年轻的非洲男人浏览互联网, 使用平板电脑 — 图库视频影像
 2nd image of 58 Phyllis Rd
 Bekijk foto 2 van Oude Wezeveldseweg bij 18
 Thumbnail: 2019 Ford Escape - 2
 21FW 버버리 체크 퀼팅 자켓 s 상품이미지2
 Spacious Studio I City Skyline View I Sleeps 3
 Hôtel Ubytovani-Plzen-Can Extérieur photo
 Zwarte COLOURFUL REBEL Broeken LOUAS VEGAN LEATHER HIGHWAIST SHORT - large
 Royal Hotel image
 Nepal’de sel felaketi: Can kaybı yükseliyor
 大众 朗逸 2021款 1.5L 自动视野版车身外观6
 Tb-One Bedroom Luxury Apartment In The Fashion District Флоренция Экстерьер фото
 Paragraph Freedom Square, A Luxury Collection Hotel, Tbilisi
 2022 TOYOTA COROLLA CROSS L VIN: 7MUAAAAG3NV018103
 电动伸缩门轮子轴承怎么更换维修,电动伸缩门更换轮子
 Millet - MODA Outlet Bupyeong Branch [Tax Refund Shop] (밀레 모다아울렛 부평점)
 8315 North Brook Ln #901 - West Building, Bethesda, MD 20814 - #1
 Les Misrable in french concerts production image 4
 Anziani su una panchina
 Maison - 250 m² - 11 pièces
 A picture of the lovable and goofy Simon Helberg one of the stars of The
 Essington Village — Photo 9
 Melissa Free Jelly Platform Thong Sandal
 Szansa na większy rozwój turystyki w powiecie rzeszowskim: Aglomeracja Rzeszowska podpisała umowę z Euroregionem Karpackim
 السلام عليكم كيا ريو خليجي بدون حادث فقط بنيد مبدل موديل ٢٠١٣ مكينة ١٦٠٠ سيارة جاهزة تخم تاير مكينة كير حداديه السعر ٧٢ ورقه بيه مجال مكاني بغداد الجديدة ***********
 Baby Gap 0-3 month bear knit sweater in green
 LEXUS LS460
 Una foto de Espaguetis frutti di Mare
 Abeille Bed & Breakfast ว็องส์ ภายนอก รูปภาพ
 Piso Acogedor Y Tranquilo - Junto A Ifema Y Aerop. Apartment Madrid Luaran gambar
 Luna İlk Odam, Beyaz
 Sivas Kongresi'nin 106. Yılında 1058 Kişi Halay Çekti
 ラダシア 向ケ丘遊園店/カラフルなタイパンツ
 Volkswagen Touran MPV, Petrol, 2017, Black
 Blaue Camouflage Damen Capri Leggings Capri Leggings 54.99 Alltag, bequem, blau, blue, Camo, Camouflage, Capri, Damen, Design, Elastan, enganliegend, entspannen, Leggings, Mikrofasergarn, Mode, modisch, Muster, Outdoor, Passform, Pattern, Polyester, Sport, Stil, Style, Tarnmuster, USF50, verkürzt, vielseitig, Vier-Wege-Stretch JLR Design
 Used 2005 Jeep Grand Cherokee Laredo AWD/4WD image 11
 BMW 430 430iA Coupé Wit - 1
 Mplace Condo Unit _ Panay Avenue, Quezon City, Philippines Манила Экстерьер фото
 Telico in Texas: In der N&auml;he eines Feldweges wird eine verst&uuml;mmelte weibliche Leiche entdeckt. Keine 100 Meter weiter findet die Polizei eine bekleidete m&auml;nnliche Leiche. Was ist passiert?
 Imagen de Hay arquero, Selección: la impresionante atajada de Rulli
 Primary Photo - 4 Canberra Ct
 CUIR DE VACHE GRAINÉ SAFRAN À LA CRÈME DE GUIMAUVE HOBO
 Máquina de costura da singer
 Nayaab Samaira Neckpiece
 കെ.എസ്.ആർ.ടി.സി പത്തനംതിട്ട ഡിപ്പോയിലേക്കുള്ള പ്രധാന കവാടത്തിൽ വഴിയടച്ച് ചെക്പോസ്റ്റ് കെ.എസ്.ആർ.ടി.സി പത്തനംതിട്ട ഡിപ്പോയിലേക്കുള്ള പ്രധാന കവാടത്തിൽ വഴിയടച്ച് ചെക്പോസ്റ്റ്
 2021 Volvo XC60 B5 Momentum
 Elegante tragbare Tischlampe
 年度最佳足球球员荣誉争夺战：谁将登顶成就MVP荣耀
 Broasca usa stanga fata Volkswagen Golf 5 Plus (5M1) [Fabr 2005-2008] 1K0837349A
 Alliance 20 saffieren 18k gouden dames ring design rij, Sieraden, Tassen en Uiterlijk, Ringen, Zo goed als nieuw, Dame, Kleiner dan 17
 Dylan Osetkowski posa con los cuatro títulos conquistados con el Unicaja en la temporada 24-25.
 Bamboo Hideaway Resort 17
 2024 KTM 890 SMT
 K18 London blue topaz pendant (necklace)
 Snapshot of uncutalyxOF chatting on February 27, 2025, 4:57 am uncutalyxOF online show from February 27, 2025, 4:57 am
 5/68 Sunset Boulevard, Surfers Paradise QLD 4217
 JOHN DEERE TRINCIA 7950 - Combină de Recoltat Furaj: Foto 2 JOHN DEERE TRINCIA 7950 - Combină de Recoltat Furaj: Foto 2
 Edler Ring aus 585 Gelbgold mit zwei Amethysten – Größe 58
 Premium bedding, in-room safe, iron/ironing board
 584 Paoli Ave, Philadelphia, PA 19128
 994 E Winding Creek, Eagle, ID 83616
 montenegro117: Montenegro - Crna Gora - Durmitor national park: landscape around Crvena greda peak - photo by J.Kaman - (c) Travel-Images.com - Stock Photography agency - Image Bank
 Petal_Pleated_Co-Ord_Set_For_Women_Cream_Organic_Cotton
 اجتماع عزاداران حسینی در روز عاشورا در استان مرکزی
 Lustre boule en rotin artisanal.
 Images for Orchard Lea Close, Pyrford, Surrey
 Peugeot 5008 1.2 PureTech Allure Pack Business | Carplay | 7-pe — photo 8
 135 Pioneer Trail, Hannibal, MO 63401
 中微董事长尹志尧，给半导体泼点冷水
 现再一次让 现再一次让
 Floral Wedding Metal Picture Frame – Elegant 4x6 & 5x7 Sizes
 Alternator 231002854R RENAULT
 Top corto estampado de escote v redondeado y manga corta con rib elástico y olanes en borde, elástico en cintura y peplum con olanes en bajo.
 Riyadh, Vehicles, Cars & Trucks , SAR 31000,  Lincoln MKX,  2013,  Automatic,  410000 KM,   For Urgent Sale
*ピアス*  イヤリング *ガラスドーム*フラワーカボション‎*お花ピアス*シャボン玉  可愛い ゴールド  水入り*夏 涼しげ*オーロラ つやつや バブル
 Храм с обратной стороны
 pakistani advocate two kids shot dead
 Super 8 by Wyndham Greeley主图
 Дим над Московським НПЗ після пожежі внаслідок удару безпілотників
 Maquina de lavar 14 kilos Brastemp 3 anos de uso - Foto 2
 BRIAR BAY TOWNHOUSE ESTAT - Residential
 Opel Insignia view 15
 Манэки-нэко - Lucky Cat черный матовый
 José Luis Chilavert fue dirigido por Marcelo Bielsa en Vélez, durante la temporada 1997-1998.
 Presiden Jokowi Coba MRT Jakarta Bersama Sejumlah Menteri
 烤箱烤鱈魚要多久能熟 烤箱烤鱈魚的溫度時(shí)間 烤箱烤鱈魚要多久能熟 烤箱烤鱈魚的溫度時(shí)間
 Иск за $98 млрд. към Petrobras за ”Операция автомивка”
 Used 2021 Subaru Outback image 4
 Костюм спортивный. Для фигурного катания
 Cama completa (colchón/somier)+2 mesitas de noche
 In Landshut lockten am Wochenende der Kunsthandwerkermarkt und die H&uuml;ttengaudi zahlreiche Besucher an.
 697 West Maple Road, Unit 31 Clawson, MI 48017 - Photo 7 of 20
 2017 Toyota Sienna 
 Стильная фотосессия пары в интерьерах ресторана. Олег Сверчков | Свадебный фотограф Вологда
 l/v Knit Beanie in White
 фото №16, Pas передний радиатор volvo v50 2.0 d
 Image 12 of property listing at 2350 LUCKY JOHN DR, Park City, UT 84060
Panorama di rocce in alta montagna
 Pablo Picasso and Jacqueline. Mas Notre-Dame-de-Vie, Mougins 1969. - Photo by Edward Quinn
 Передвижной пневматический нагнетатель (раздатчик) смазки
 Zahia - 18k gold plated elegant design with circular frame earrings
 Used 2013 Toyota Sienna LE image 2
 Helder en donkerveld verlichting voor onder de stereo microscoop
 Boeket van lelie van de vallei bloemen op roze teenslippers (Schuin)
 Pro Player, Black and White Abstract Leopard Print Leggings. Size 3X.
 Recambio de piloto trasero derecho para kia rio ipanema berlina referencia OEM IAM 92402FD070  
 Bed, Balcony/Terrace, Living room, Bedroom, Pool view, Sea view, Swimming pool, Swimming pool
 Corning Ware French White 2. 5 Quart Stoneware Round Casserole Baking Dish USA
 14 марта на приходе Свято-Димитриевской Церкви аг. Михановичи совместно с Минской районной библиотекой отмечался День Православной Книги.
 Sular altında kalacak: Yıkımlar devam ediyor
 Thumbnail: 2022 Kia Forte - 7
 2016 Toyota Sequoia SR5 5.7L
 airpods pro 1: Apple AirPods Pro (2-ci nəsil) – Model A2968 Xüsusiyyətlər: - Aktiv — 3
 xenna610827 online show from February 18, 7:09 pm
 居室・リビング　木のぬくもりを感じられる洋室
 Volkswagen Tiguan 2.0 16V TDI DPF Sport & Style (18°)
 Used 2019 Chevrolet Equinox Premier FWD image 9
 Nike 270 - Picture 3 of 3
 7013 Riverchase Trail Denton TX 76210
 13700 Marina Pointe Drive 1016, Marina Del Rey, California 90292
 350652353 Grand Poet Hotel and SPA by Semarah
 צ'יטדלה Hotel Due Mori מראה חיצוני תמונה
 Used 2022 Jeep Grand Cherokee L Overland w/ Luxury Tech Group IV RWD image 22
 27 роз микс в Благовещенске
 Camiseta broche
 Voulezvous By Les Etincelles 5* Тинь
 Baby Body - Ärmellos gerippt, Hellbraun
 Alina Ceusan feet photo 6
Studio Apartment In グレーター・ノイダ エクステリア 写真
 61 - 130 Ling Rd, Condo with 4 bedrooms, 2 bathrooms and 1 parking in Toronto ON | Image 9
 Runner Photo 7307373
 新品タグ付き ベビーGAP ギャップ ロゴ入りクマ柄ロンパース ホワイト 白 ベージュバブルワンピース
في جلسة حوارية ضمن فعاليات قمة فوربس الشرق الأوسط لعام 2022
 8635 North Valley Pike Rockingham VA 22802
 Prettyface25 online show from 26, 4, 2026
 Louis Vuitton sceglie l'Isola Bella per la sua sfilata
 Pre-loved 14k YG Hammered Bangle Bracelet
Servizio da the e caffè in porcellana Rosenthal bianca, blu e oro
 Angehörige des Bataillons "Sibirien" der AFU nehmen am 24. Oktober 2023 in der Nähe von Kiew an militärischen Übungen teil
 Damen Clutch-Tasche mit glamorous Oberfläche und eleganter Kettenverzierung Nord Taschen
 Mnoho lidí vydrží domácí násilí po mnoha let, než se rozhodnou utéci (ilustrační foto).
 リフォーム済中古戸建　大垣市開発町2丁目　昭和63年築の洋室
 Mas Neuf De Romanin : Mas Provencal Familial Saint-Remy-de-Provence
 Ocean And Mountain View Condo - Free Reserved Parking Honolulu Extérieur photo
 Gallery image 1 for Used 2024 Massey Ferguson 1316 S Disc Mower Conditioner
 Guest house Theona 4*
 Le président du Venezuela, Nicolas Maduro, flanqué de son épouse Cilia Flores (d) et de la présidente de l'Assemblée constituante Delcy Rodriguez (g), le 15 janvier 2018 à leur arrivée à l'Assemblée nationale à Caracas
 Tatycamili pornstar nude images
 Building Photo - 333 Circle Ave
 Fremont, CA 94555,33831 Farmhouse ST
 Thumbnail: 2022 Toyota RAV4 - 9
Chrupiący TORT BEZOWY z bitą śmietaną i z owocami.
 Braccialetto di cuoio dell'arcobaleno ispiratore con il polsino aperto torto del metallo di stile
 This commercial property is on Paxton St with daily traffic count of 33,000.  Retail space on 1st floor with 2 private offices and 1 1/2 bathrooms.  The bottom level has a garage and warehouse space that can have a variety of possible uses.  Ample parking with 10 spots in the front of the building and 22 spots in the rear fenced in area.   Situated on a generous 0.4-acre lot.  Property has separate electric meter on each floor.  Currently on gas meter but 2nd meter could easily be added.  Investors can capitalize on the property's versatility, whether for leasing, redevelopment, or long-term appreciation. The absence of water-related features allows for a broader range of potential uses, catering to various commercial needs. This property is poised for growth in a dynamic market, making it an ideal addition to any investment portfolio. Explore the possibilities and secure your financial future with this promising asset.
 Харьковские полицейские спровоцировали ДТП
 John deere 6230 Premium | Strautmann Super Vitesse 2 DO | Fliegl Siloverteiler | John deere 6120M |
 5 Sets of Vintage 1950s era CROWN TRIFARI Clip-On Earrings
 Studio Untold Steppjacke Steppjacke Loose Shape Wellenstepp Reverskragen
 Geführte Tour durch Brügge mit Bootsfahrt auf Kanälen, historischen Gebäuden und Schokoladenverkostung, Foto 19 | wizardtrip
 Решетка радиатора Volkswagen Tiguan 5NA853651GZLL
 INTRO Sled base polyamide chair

» **TASK DESCRIPTION**: Please give back exactly the lines of the listing above that run from the one containing "Voulezvous By Les Etincelles 5* Тинь" through the one containing "Louis Vuitton sceglie", and only those.

» **REPLY TO THE TASK**:
 Voulezvous By Les Etincelles 5* Тинь
 Baby Body - Ärmellos gerippt, Hellbraun
 Alina Ceusan feet photo 6
Studio Apartment In グレーター・ノイダ エクステリア 写真
 61 - 130 Ling Rd, Condo with 4 bedrooms, 2 bathrooms and 1 parking in Toronto ON | Image 9
 Runner Photo 7307373
 新品タグ付き ベビーGAP ギャップ ロゴ入りクマ柄ロンパース ホワイト 白 ベージュバブルワンピース
في جلسة حوارية ضمن فعاليات قمة فوربس الشرق الأوسط لعام 2022
 8635 North Valley Pike Rockingham VA 22802
 Prettyface25 online show from 26, 4, 2026
 Louis Vuitton sceglie l'Isola Bella per la sua sfilata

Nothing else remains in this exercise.